(Short descriptive text snippets)
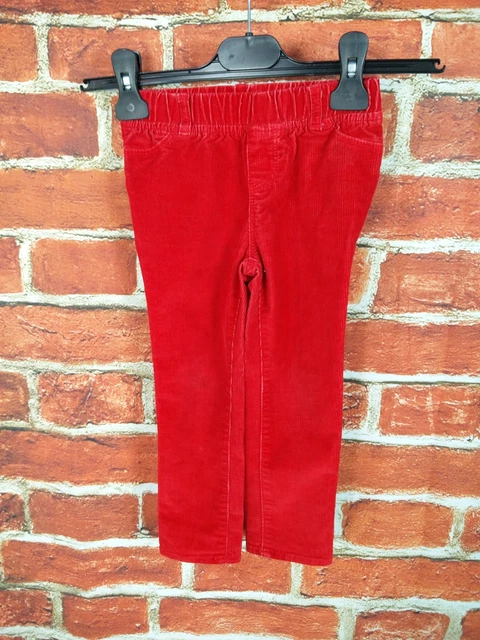 T-Shirt Bambina Pacchetto Età 2-3 Anni M/Care Gap Next Zara Jeggings Corda Denim 98Cm 3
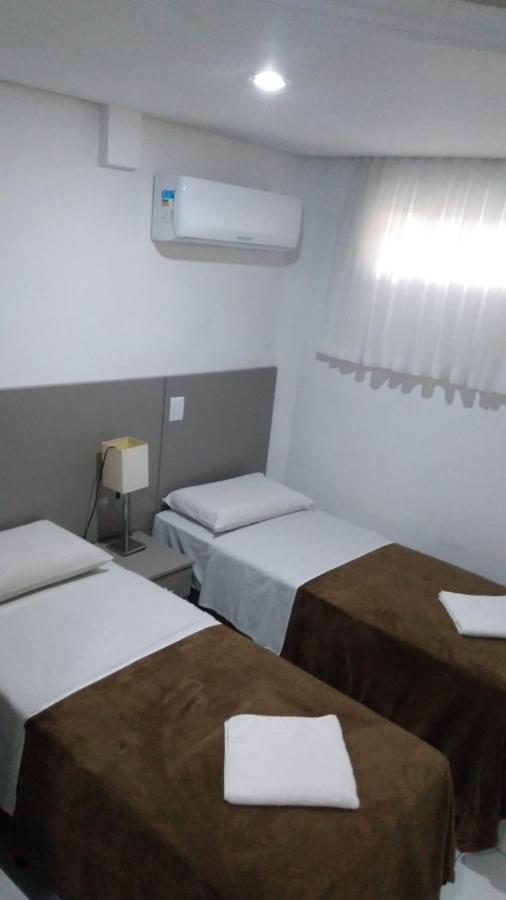 Quarto Duplo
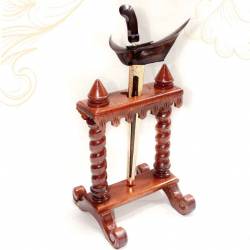 Standar Keris Bubut Untir Isi 1 WYM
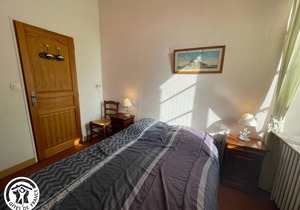 120 m² House ∙ 3 bedrooms ∙ 8 guests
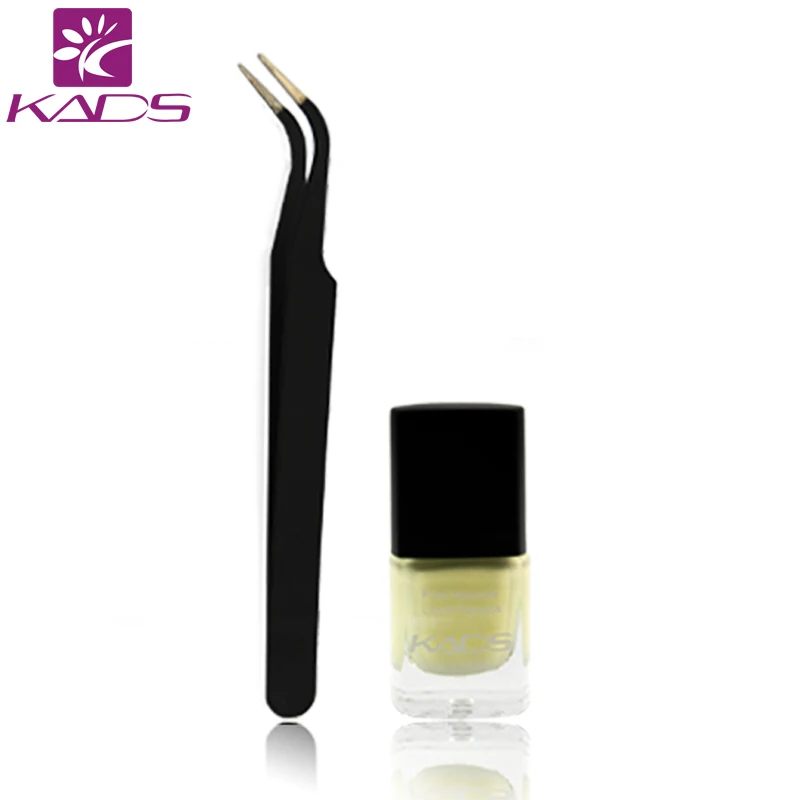 KADS Peel Off Liquid Tape & Palisade Easy Clean Base Coat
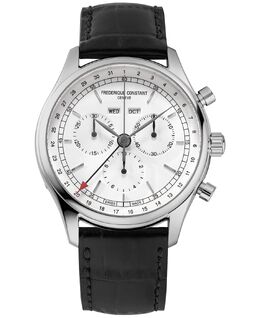 Frédérique Constant: Часы 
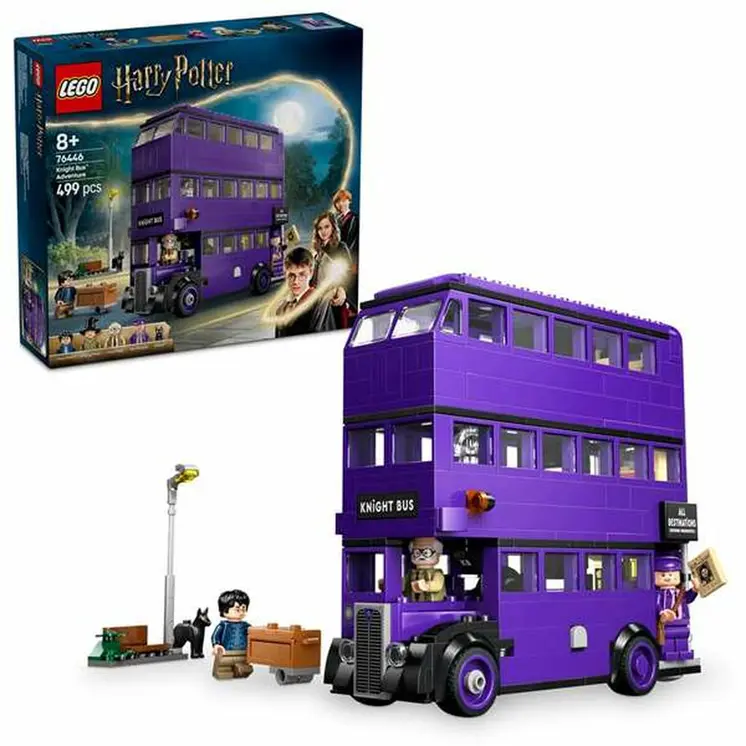 Construction set Lego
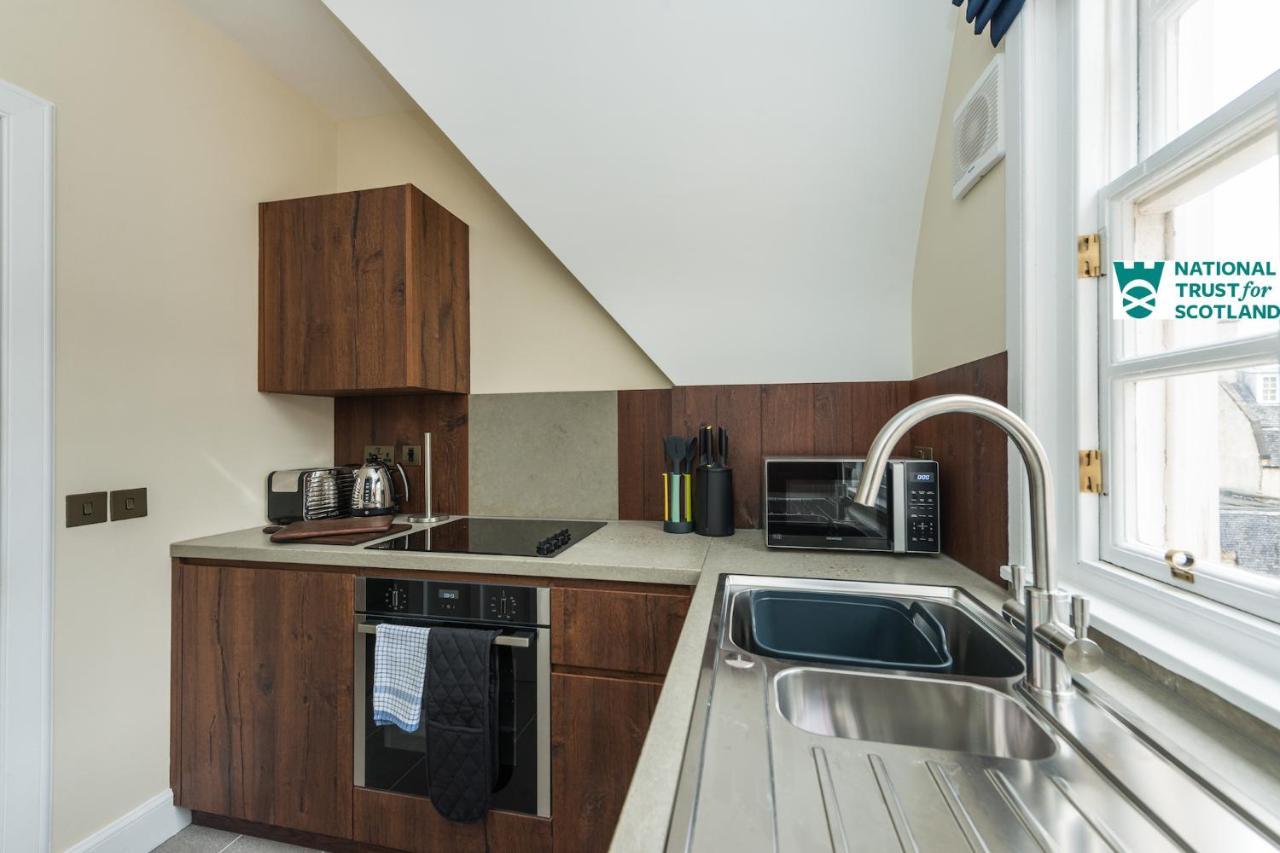 Apartment The Crichton By National Trust Scotland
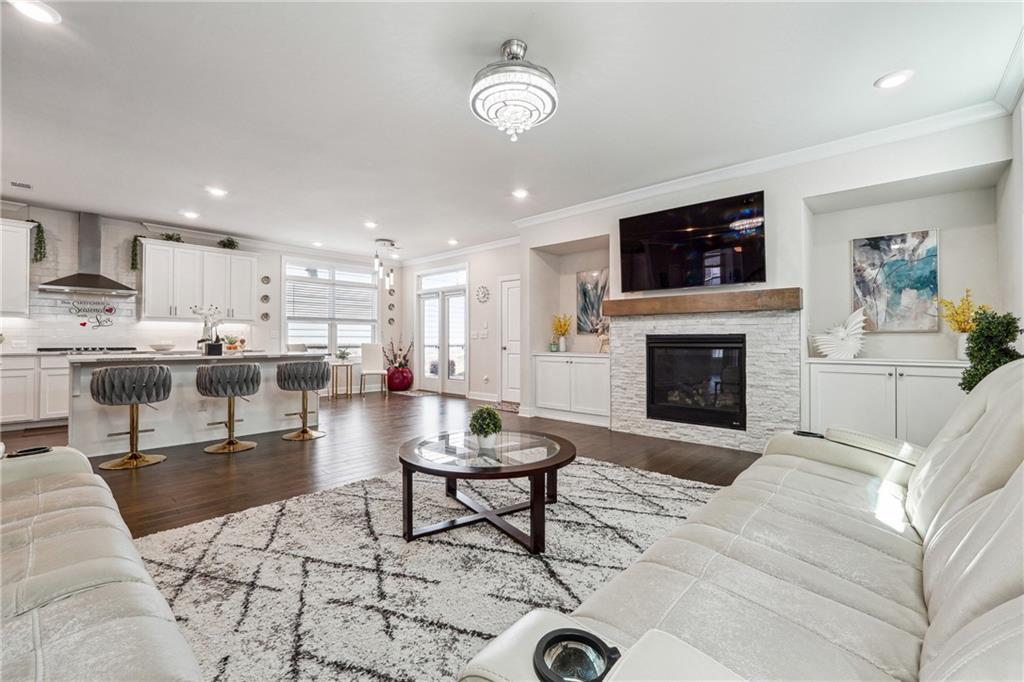 785 Armstead Terrace, Alpharetta, Georgia image 18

PROBLEM REQUIREMENTS — Return only the lines that start at the line containing "Quarto Duplo" and finish at the last line of the entries, exactly as written and without pictures.

SOLUTION TO THE PROBLEM —
 Quarto Duplo
 Standar Keris Bubut Untir Isi 1 WYM
 120 m² House ∙ 3 bedrooms ∙ 8 guests
 KADS Peel Off Liquid Tape & Palisade Easy Clean Base Coat
 Frédérique Constant: Часы 
 Construction set Lego
 Apartment The Crichton By National Trust Scotland
 785 Armstead Terrace, Alpharetta, Georgia image 18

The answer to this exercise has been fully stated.